And Dean continued to run infomercials the entire thing and then beyond. I didn't know him at the time, but I remember watching it and just being interested how he was the only one still on. And so I asked him later, "How in the world did you survive when everyone else got crushed?" And he said something super profound. He's like, "I didn't shift. I didn't shift my product. My product was still the same." He's like, "I shifted how I marketed my product."

He said, "Everyone else was speaking very aspirational, like how do we create these things, how do we get rich, how do we make money, things like that." And he's like, "I shifted from being aspirational to looking at my business more as a life preserver like how do you protect yourself and how this product can protect you?"

And so as we started coming into this thing, I realized the same thing. In fact, in Traffic Secrets, I talk about the fact that when any customers coming to you, they're moving towards you in one or two directions. Either they're moving towards pleasure, or they're moving away from pain, right? It's like they're coming to me because they want to start a business. They want to get rich, or they want to make money, or they want to whatever, or they're coming to me because like, I hate my boss, I need to get out of this pain. It's just I'm miserable. I need to get out of pain.

And if you look at the economy over the last seven or eight years, because for most people, it's been pretty good. Most people that are buying any product or service, whether it be fitness, health, business, anything for that matter, it's like they're buying it because they're trying to move towards pleasure. But a couple of weeks ago, everything shifted where people are in pain now.

I think the companies are going to survive and be nimble or ones that understand how to shift their messaging, where it's like, "How can the product with service I sale, how does it get somebody out of pain?" And that's the marketing, the messaging people need and they want right now. And it's funny because as I was launching the Traffic, I literally launched the book the same day that President Trump told everyone to go home.

And if you look at my marketing campaign ahead of time, it was like, "How do we build this $100-million-a-year company and how much traffic we get all these things?" And then I was like, "That is the wrong message right now."

And so we literally, my team, I'm like, "All right, everything, every ad we've written, every pre-sell, every video, just delete them all.
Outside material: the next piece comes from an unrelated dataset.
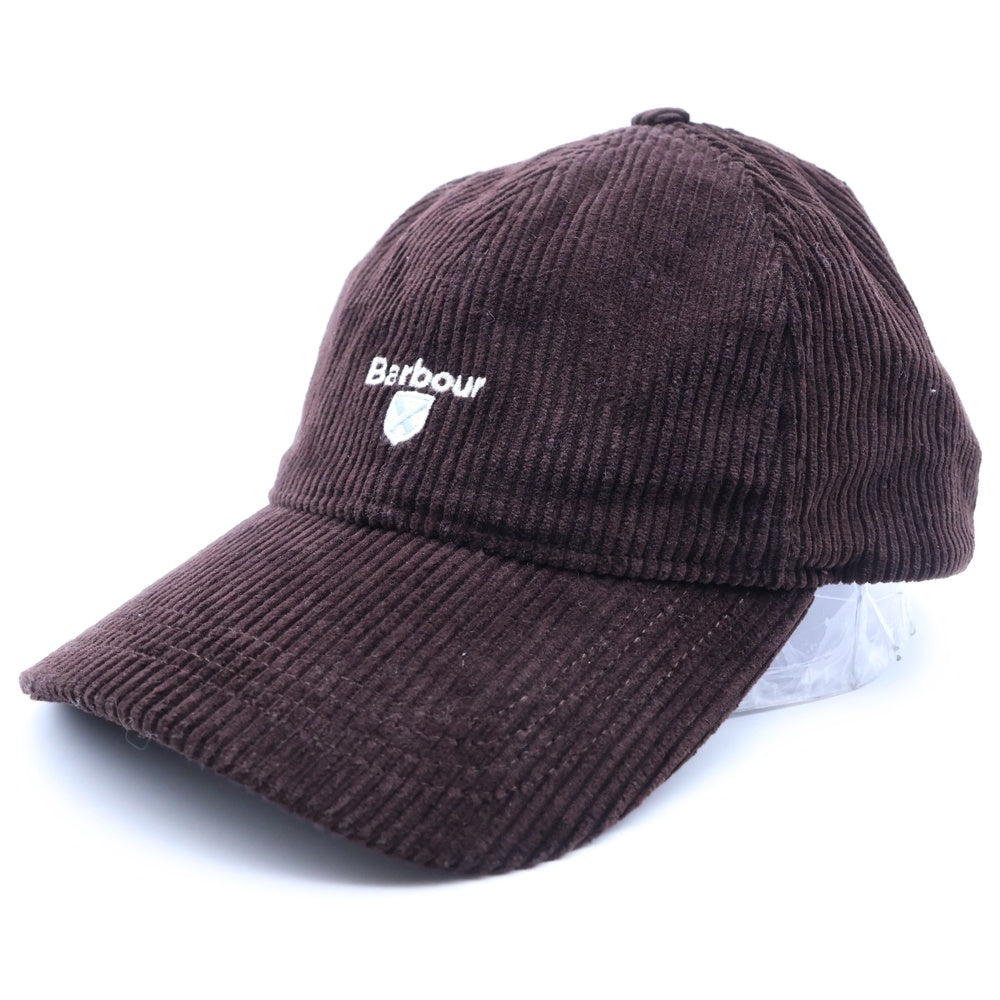 Barbour(バブアー) 25AW PRESTON CORD CAP プレストン ロゴ刺繍 コーデュロイキャップ 帽子 ブラウン 252MHA0911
We're redoing everything." And this is the messaging. The messaging is, and we start talking about, I got a buddy down the street who owns a local waffle place, the best waffles in the world. If you ever come to Boise, I'll take you there. And he opened the same day that the whole recession happened, and it was crazy because you look at, he's got his business. He opens the doors, and it's the same day that literally traffic, usually restaurants, you have cars, physical traffic driving by, and people come, and they come and they eat. And he's like, "The traffic stopped." And what happens to all the companies?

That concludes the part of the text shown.